* Problem statement *
What you return should be only the lines in the entries below between the one holding "PPT Colgate Real" and the one holding "Дата кабель 6in1", ends included, with every picture left out.

* Records for this task *
┌────────
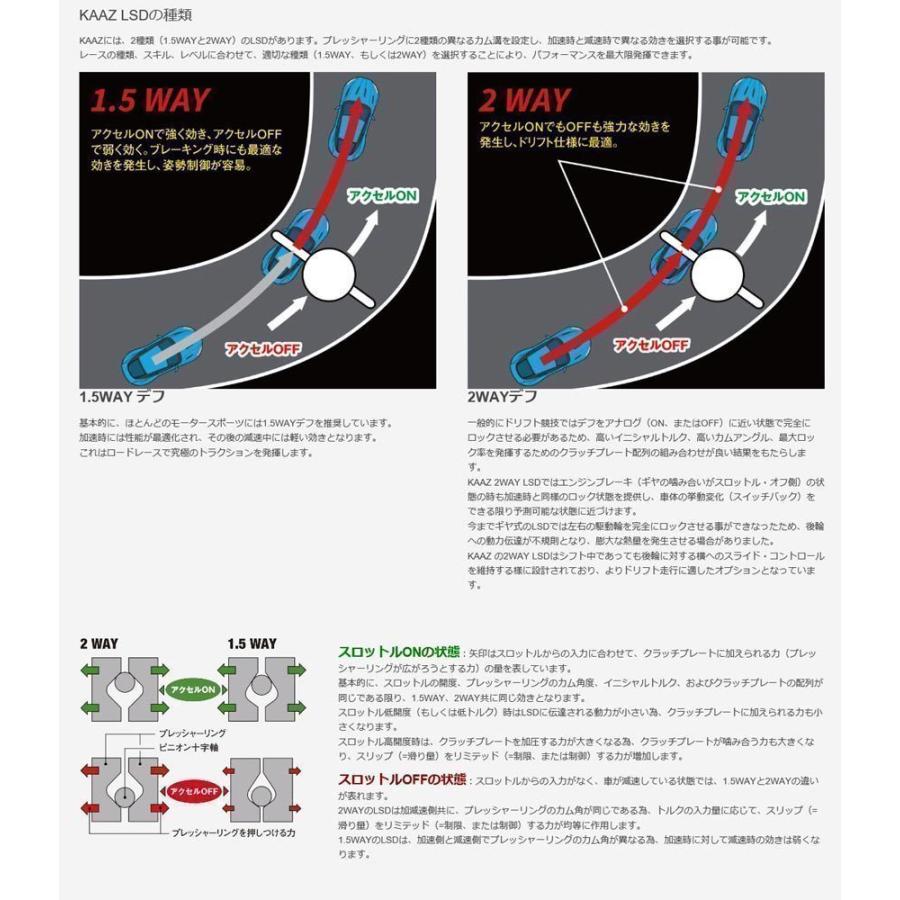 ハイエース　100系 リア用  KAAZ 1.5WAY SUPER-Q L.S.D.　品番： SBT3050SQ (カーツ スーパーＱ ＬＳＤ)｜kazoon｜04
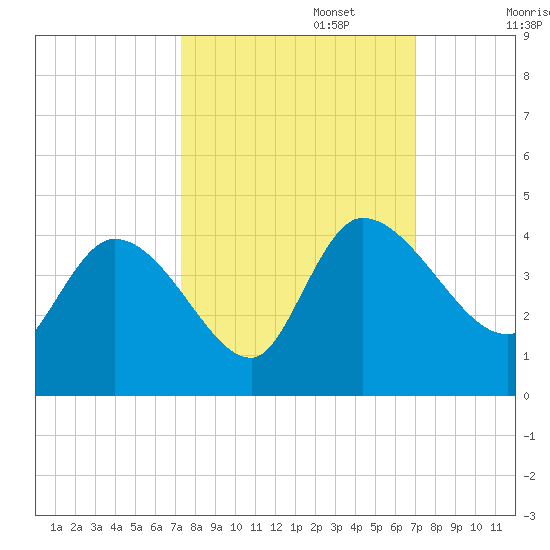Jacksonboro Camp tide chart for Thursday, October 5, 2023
└────────
┌────────
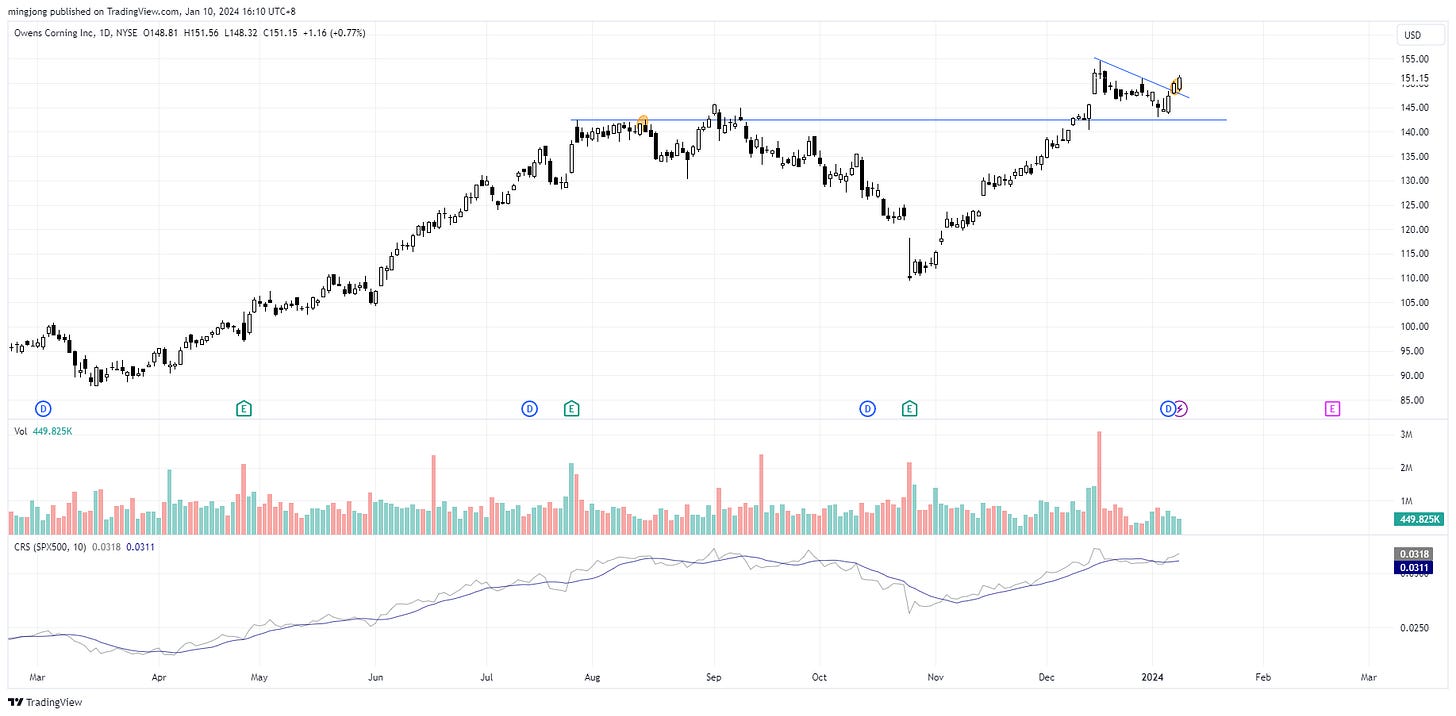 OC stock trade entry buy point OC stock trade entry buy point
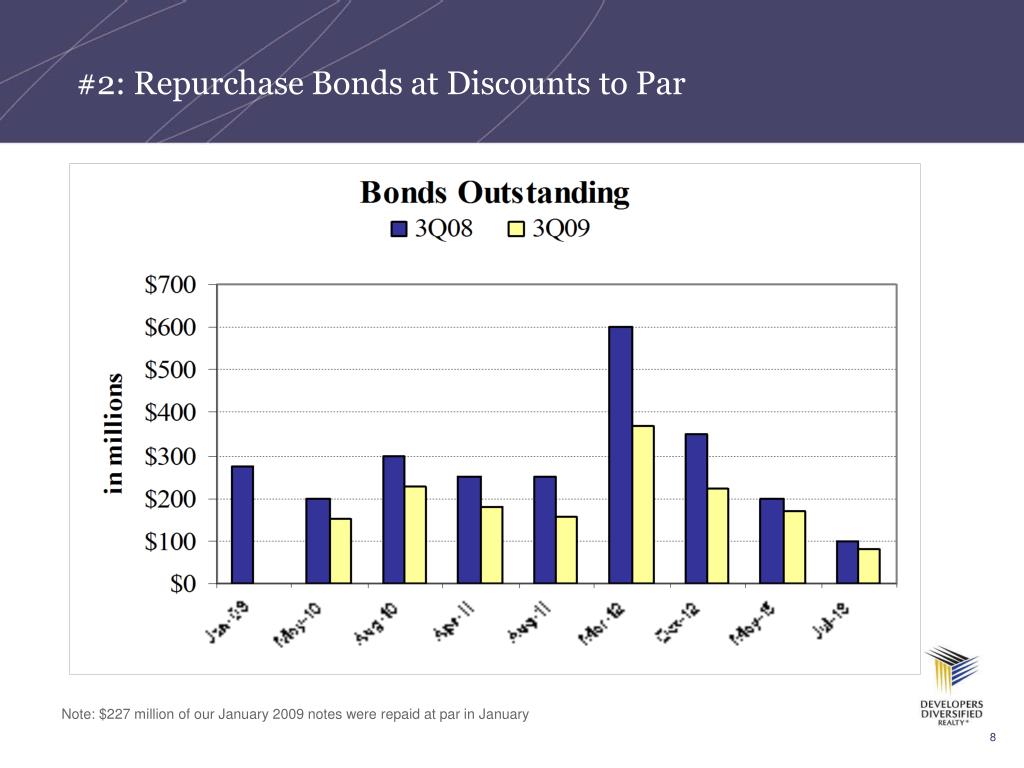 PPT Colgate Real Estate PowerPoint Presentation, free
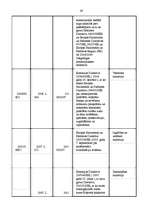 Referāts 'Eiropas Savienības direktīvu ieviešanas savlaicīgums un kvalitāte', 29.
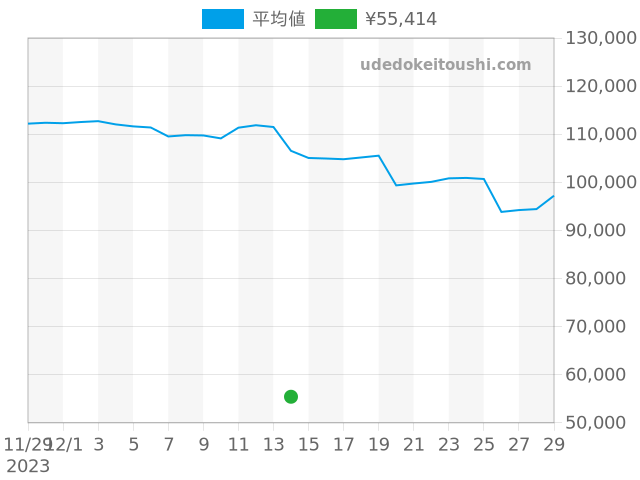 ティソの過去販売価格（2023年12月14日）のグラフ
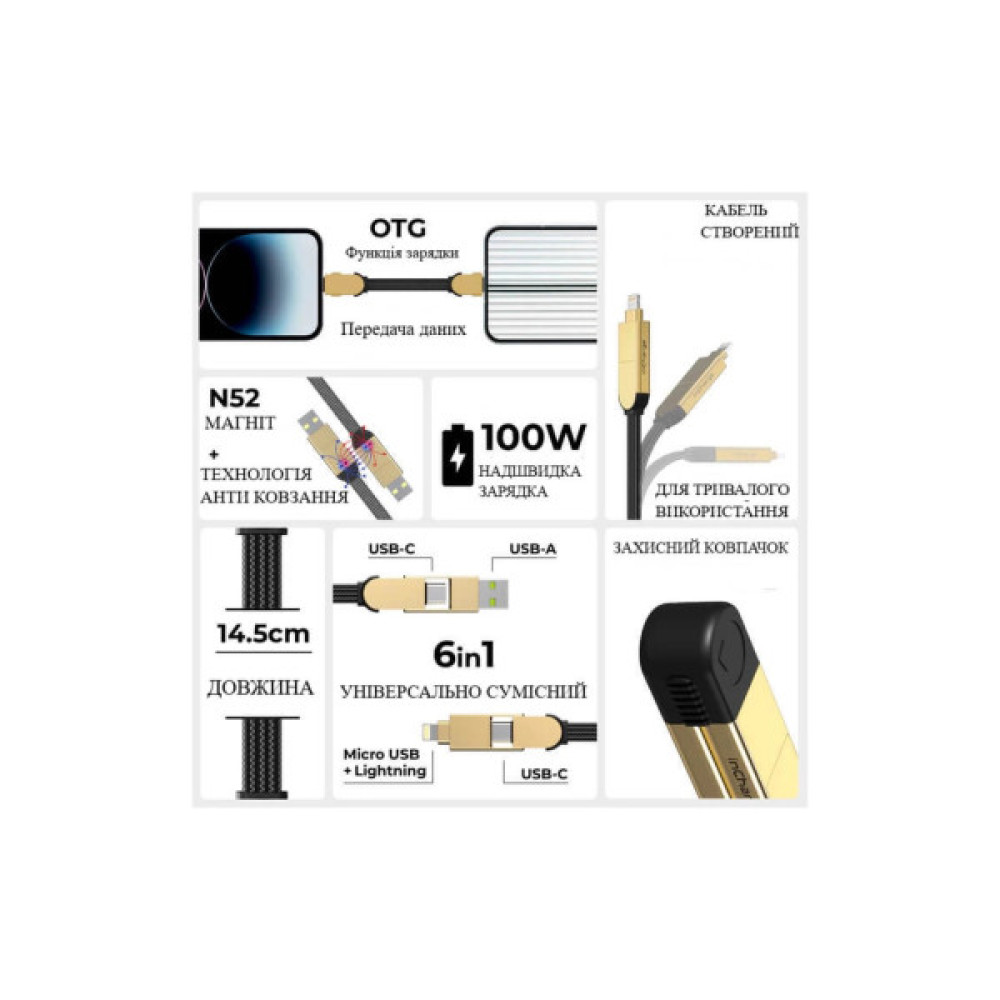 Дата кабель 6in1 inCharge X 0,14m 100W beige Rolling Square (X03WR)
└────────
* Task solution *
 PPT Colgate Real Estate PowerPoint Presentation, free
 Referāts 'Eiropas Savienības direktīvu ieviešanas savlaicīgums un kvalitāte', 29.
 ティソの過去販売価格（2023年12月14日）のグラフ
 Дата кабель 6in1 inCharge X 0,14m 100W beige Rolling Square (X03WR)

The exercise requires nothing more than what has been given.